** Opening Records shown block **
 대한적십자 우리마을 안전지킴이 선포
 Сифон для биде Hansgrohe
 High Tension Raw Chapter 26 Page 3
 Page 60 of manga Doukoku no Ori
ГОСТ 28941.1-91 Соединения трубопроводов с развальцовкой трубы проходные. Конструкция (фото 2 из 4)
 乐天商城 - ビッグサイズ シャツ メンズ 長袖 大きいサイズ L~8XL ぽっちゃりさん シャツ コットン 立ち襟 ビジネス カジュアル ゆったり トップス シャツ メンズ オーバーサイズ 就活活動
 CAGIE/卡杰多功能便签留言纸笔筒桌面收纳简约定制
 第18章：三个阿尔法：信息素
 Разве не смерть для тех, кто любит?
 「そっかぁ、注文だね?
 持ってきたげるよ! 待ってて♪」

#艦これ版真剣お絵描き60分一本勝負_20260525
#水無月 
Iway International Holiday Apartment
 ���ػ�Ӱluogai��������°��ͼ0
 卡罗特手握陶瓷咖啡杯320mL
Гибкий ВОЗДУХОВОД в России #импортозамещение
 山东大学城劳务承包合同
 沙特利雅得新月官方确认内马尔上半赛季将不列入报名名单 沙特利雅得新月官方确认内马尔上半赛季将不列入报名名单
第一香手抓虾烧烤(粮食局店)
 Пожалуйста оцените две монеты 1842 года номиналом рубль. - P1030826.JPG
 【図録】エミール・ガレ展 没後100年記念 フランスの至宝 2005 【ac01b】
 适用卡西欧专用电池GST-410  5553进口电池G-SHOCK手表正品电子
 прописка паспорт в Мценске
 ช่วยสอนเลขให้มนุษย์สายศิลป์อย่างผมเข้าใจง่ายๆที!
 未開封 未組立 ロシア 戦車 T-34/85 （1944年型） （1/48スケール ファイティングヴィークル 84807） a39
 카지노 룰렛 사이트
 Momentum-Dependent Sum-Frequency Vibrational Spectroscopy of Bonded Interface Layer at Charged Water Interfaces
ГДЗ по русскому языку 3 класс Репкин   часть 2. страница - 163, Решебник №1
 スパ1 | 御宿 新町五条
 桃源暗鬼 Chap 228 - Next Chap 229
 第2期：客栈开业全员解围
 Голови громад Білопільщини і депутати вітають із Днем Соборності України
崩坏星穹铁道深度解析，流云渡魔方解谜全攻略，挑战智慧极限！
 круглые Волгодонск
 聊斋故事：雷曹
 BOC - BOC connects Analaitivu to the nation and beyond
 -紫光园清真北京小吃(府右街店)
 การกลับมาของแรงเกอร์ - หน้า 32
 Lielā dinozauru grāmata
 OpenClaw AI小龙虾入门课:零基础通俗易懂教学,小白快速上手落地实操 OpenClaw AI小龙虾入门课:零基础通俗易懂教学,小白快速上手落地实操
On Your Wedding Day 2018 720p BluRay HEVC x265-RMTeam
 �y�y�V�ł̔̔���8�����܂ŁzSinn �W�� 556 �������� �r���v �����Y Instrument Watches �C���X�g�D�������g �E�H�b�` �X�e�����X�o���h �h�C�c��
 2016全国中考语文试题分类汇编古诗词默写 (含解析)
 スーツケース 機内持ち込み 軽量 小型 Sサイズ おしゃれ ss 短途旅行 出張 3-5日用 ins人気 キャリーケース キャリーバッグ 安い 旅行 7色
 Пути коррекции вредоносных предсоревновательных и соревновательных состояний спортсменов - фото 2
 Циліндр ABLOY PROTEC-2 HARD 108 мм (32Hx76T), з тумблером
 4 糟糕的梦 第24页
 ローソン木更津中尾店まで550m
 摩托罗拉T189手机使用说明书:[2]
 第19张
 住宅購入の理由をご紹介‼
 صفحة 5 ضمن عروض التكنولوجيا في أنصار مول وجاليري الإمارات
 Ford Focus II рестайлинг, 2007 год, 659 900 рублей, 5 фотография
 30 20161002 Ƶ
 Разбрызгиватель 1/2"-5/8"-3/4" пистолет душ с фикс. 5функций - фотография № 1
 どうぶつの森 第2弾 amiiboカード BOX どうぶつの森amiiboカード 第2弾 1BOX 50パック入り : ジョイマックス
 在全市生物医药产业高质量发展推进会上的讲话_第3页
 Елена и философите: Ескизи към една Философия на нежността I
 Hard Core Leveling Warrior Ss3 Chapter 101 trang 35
** Closing Records shown block **
▶ Assigned task
The data are to be transcribed in full, exactly as given.

▶ Written reply
 대한적십자 우리마을 안전지킴이 선포
 Сифон для биде Hansgrohe
 High Tension Raw Chapter 26 Page 3
 Page 60 of manga Doukoku no Ori
ГОСТ 28941.1-91 Соединения трубопроводов с развальцовкой трубы проходные. Конструкция (фото 2 из 4)
 乐天商城 - ビッグサイズ シャツ メンズ 長袖 大きいサイズ L~8XL ぽっちゃりさん シャツ コットン 立ち襟 ビジネス カジュアル ゆったり トップス シャツ メンズ オーバーサイズ 就活活動
 CAGIE/卡杰多功能便签留言纸笔筒桌面收纳简约定制
 第18章：三个阿尔法：信息素
 Разве не смерть для тех, кто любит?
 「そっかぁ、注文だね?
 持ってきたげるよ! 待ってて♪」

#艦これ版真剣お絵描き60分一本勝負_20260525
#水無月 
Iway International Holiday Apartment
 ���ػ�Ӱluogai��������°��ͼ0
 卡罗特手握陶瓷咖啡杯320mL
Гибкий ВОЗДУХОВОД в России #импортозамещение
 山东大学城劳务承包合同
 沙特利雅得新月官方确认内马尔上半赛季将不列入报名名单 沙特利雅得新月官方确认内马尔上半赛季将不列入报名名单
第一香手抓虾烧烤(粮食局店)
 Пожалуйста оцените две монеты 1842 года номиналом рубль. - P1030826.JPG
 【図録】エミール・ガレ展 没後100年記念 フランスの至宝 2005 【ac01b】
 适用卡西欧专用电池GST-410  5553进口电池G-SHOCK手表正品电子
 прописка паспорт в Мценске
 ช่วยสอนเลขให้มนุษย์สายศิลป์อย่างผมเข้าใจง่ายๆที!
 未開封 未組立 ロシア 戦車 T-34/85 （1944年型） （1/48スケール ファイティングヴィークル 84807） a39
 카지노 룰렛 사이트
 Momentum-Dependent Sum-Frequency Vibrational Spectroscopy of Bonded Interface Layer at Charged Water Interfaces
ГДЗ по русскому языку 3 класс Репкин   часть 2. страница - 163, Решебник №1
 スパ1 | 御宿 新町五条
 桃源暗鬼 Chap 228 - Next Chap 229
 第2期：客栈开业全员解围
 Голови громад Білопільщини і депутати вітають із Днем Соборності України
崩坏星穹铁道深度解析，流云渡魔方解谜全攻略，挑战智慧极限！
 круглые Волгодонск
 聊斋故事：雷曹
 BOC - BOC connects Analaitivu to the nation and beyond
 -紫光园清真北京小吃(府右街店)
 การกลับมาของแรงเกอร์ - หน้า 32
 Lielā dinozauru grāmata
 OpenClaw AI小龙虾入门课:零基础通俗易懂教学,小白快速上手落地实操 OpenClaw AI小龙虾入门课:零基础通俗易懂教学,小白快速上手落地实操
On Your Wedding Day 2018 720p BluRay HEVC x265-RMTeam
 �y�y�V�ł̔̔���8�����܂ŁzSinn �W�� 556 �������� �r���v �����Y Instrument Watches �C���X�g�D�������g �E�H�b�` �X�e�����X�o���h �h�C�c��
 2016全国中考语文试题分类汇编古诗词默写 (含解析)
 スーツケース 機内持ち込み 軽量 小型 Sサイズ おしゃれ ss 短途旅行 出張 3-5日用 ins人気 キャリーケース キャリーバッグ 安い 旅行 7色
 Пути коррекции вредоносных предсоревновательных и соревновательных состояний спортсменов - фото 2
 Циліндр ABLOY PROTEC-2 HARD 108 мм (32Hx76T), з тумблером
 4 糟糕的梦 第24页
 ローソン木更津中尾店まで550m
 摩托罗拉T189手机使用说明书:[2]
 第19张
 住宅購入の理由をご紹介‼
 صفحة 5 ضمن عروض التكنولوجيا في أنصار مول وجاليري الإمارات
 Ford Focus II рестайлинг, 2007 год, 659 900 рублей, 5 фотография
 30 20161002 Ƶ
 Разбрызгиватель 1/2"-5/8"-3/4" пистолет душ с фикс. 5функций - фотография № 1
 どうぶつの森 第2弾 amiiboカード BOX どうぶつの森amiiboカード 第2弾 1BOX 50パック入り : ジョイマックス
 在全市生物医药产业高质量发展推进会上的讲话_第3页
 Елена и философите: Ескизи към една Философия на нежността I
 Hard Core Leveling Warrior Ss3 Chapter 101 trang 35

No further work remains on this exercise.